I’ve submitted a PR fixing this error, hopefully this shouldn’t be a problem anymore.

@tomwollert the exact error code (3, 23, 41, etc) usually don’t matter that much, since the error itself indicates that the protocol sync has been lost between Npgsql and PostgreSQL, and at that point anything is possible. I’m going to try and see whether I can reproduce it on PostgreSQL 10…

@vonzshik That sucks 😕 I’ll try to get a standalone console app that reproduces it. I’m assuming it’s some dependency.

Replicating message code 3:

var connectionString = "{server/username/password};CommandTimeout=5;Connection Idle Lifetime=50;Keepalive=5";
            var commandTimeoutTask = Task.Run(() =>
            {
                try
                {
                    using (var connection = new NpgsqlConnection(connectionString))
                    {
                        var stopwatch = Stopwatch.StartNew();
                        connection.Open();

                        using (var command = new NpgsqlCommand("select pg_sleep(10)", connection))
                            command.ExecuteNonQuery();
                    }
                }
                catch (Exception e)
                {
                    Console.WriteLine(e.Message);
                }
            });

            var tryingToGetBrokenConnection = Task.Run(() =>
            {
                while (true)
                {
                    using (var connection = new NpgsqlConnection(connectionString))
                    {
                        connection.Open();
                        using (var command = new NpgsqlCommand("select 1", connection))
                            command.ExecuteNonQuery();
                    }
                }
            });
            commandTimeoutTask.Wait();
            tryingToGetBrokenConnection.Wait(TimeSpan.FromSeconds(5));

Though I guess this will also fail to reproduce as the 23 on one triggers the 3 on the other statement.
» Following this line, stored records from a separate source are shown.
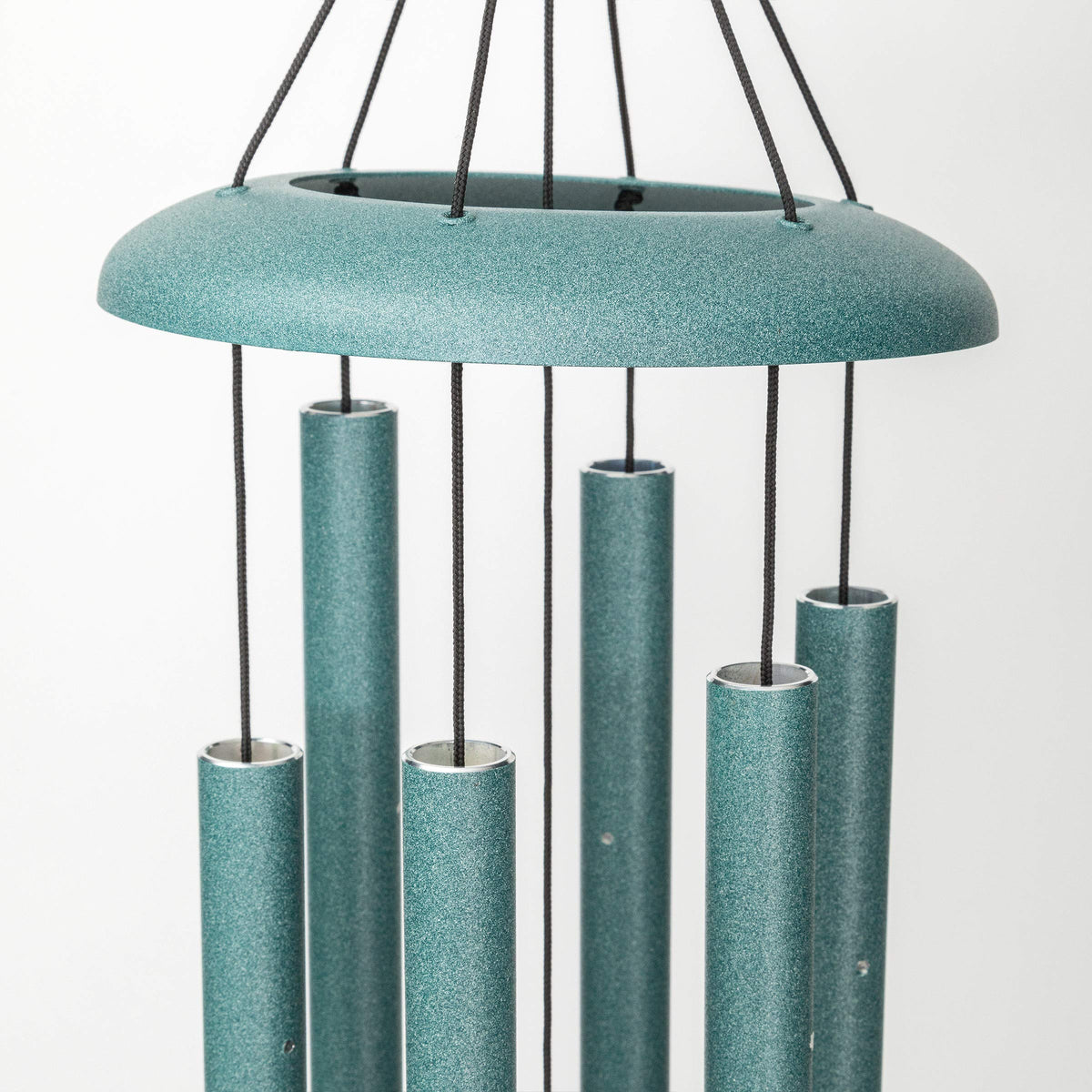 Side view of Corinthian Bells patina green chime in garden setting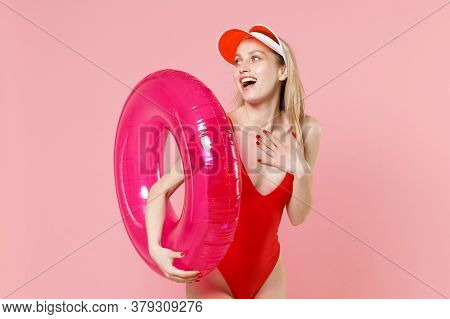 Excited Young Blonde Woman Girl In Red One-piece Swimsuit Cap Isolated On Pink Background. People Su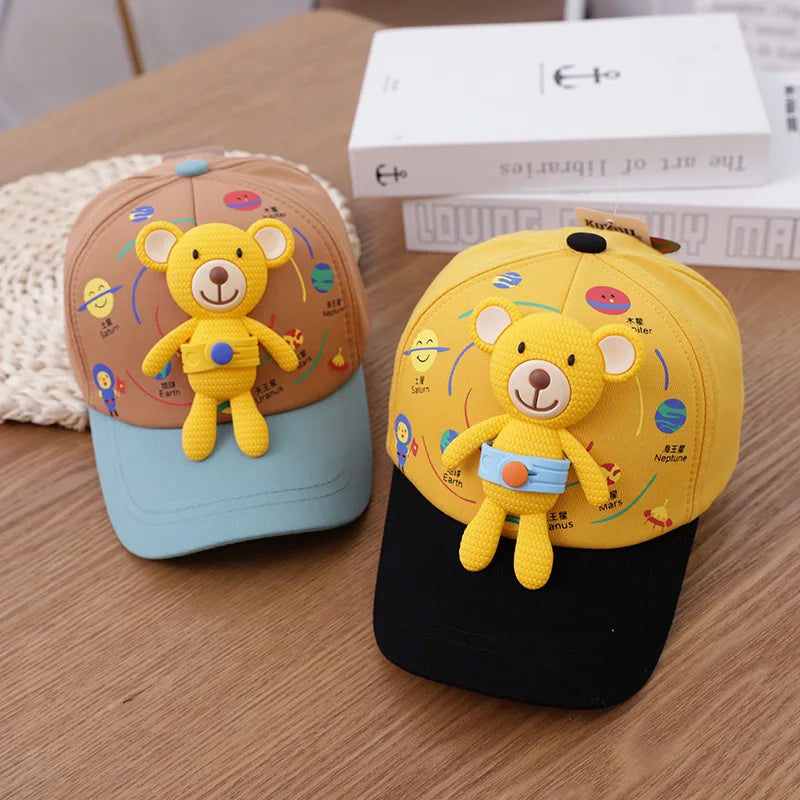 A yellow toddler bear baseball cap featuring a 3D embroidered bear design and an adjustable strap, resting on a wooden surfac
K, “23” is very straight forward:

var connection = new NpgsqlConnection("{server/username/password};CommandTimeout=30;Connection Idle Lifetime=30;Keepalive=5");

            var stopwatch = Stopwatch.StartNew();
            connection.Open();
            using (var transaction = connection.BeginTransaction(IsolationLevel.ReadCommitted))
            {

                using (var command = new NpgsqlCommand("select pg_sleep(40)", connection))
                {
                    command.ExecuteNonQuery();
                }

                transaction.Commit();
            }

            Console.WriteLine(stopwatch.Elapsed.TotalMilliseconds + " ms have passed");

This will throw the 23.